**Short text fragments from websites:**
>>>>
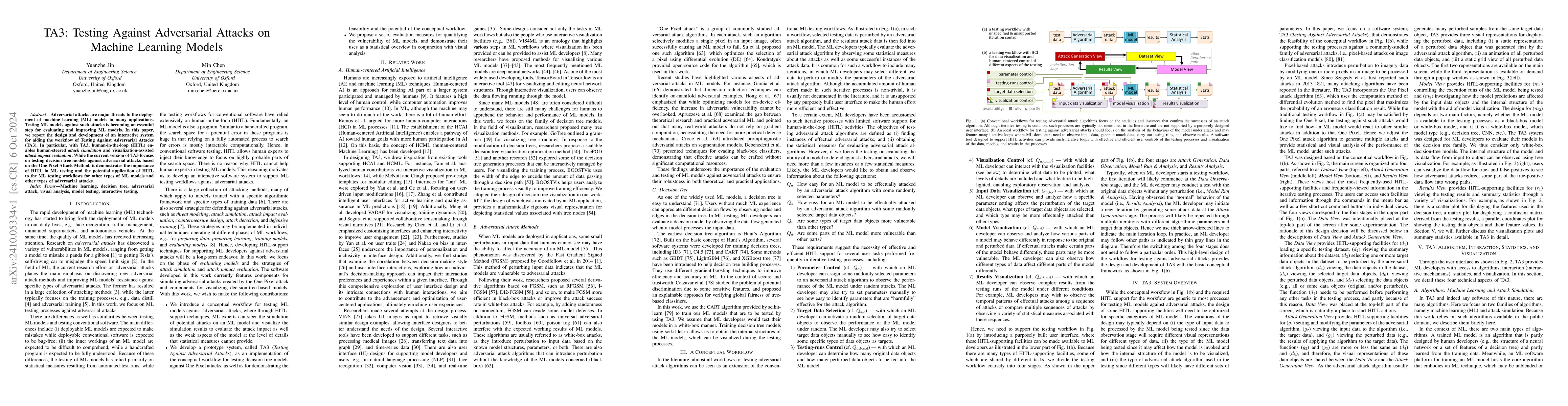 Thumbnail for TA3: Testing Against Adversarial Attacks on Machine Learning Models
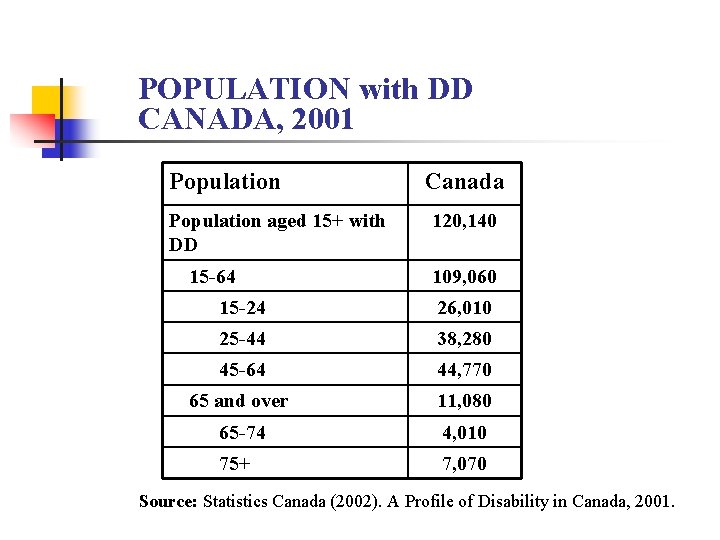 POPULATION with DD CANADA, 2001 Population aged 15+ with DD 15 -64 Canada 120,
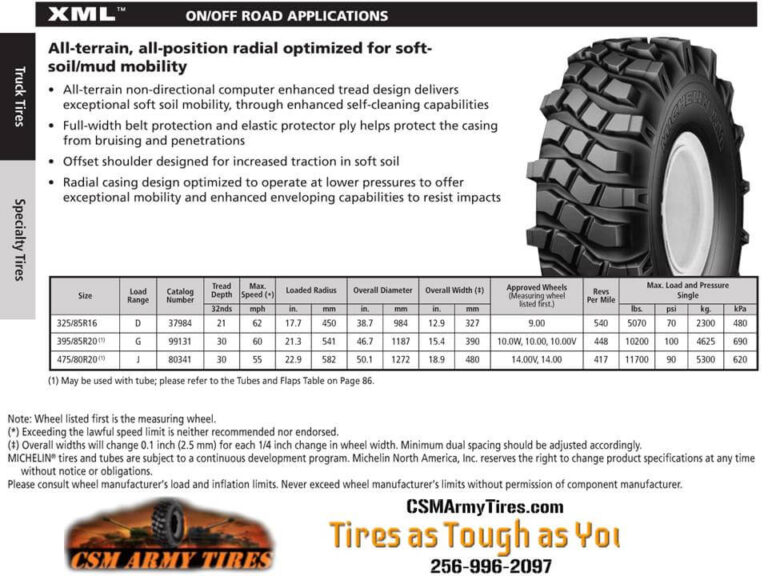 Off-Road and Army Tire Reference Page » CSM Army Tires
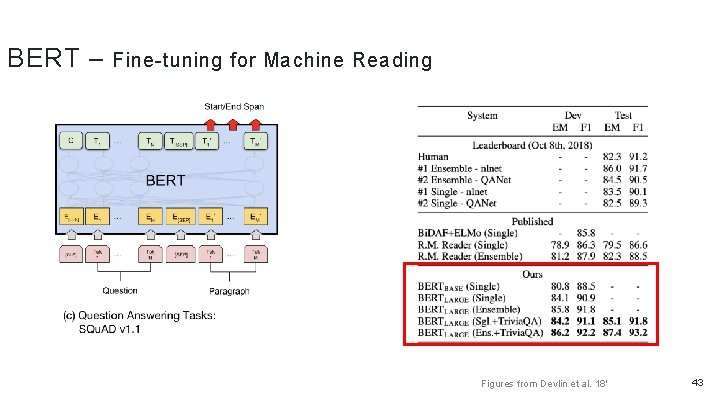 BERT – Fine-tuning for Machine Reading Figures from Devlin et al. 18' 43 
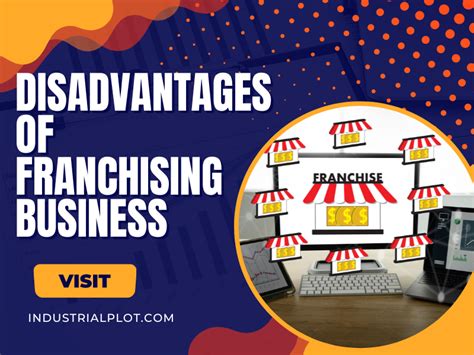 Disadvantages Of Franchise And Franchising Business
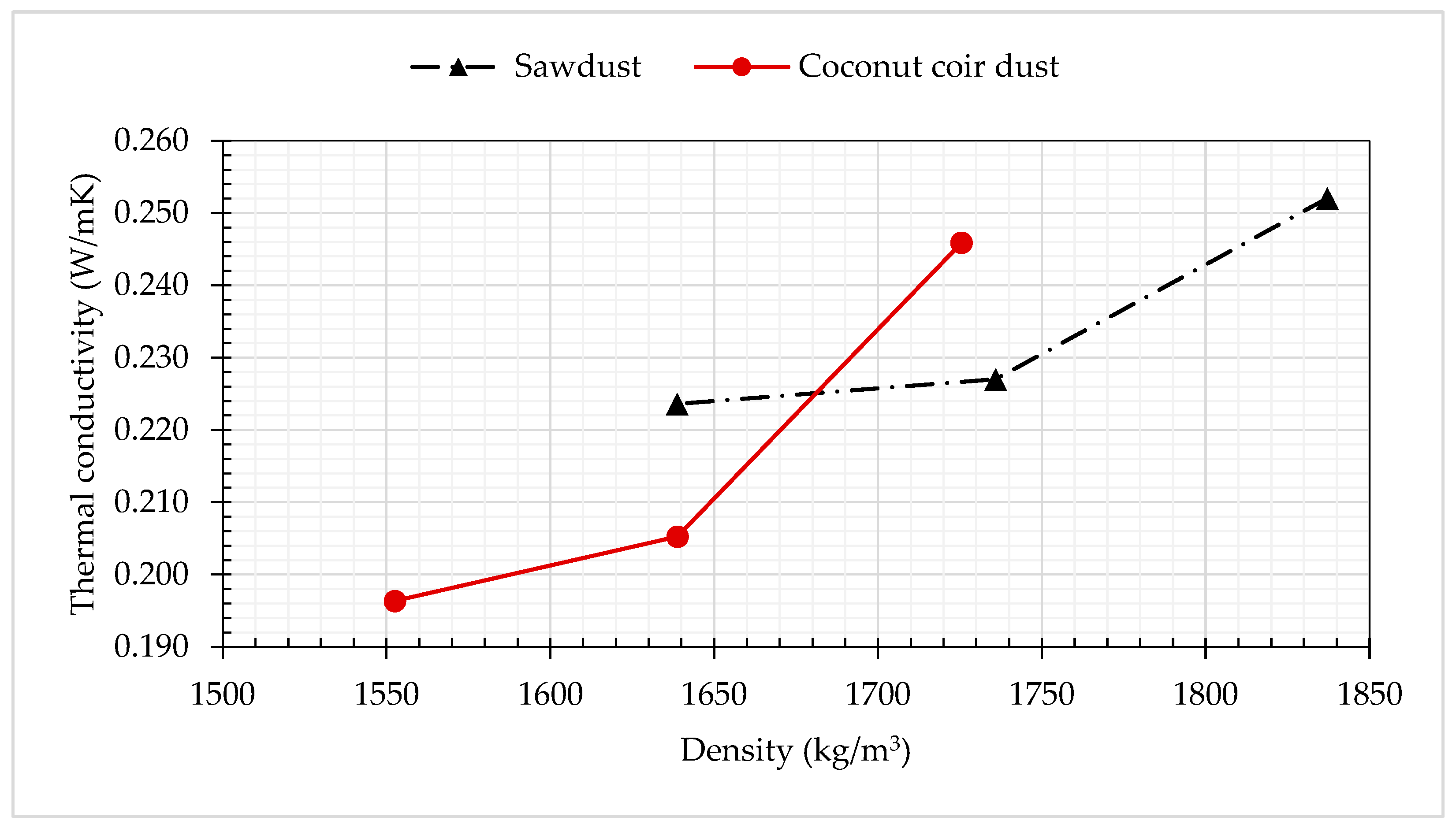 Constrmater 02 00016 g008 Constrmater 02 00016 g008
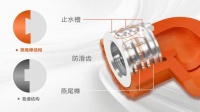 推出抗菌PP-R管材新品 ,東方雨虹筑就安全用水新標(biāo)桿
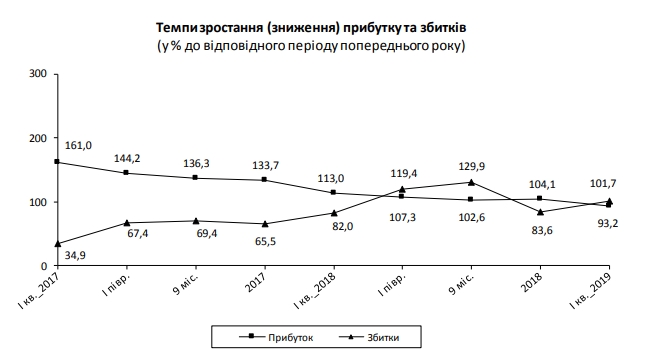 Українські підприємства скоротили прибуток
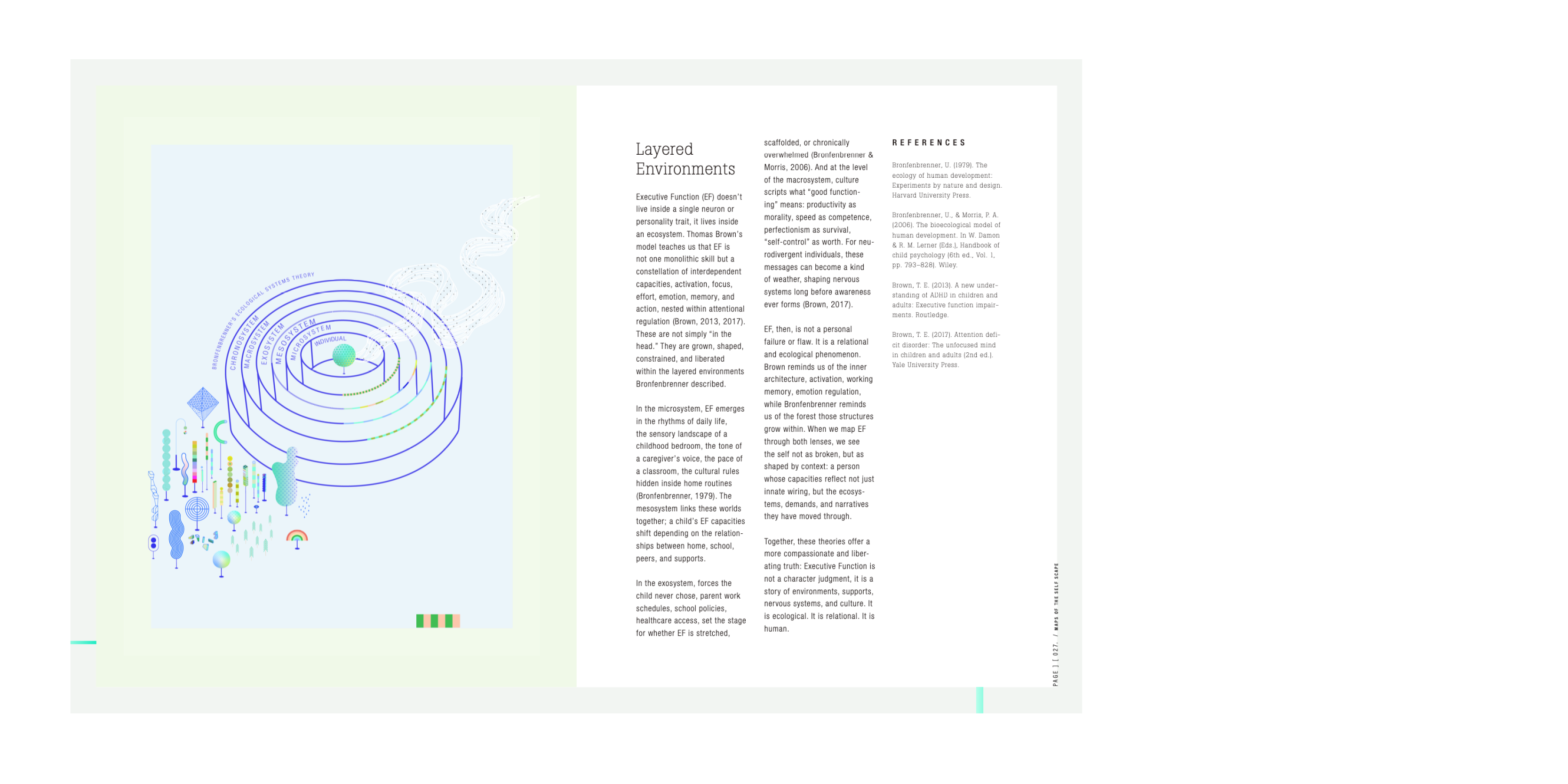 Map of Self-scapes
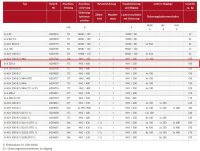 MERZ Anschlussschrank 173 kVA (MZ69019 M-A 250-A)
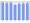 Evolucion de la populacion 1962-2008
<<<<
**WORK REQUIRED:** Beginning with the line containing "BERT – Fine-tuning" and ending with the last line of the data above, repeat each line exactly. Include no pictures and no other lines.

**SOLUTION FOR THIS EXERCISE:**
 BERT – Fine-tuning for Machine Reading Figures from Devlin et al. 18' 43 
 Disadvantages Of Franchise And Franchising Business
 Constrmater 02 00016 g008 Constrmater 02 00016 g008
 推出抗菌PP-R管材新品 ,東方雨虹筑就安全用水新標(biāo)桿
 Українські підприємства скоротили прибуток
 Map of Self-scapes
 MERZ Anschlussschrank 173 kVA (MZ69019 M-A 250-A)
 Evolucion de la populacion 1962-2008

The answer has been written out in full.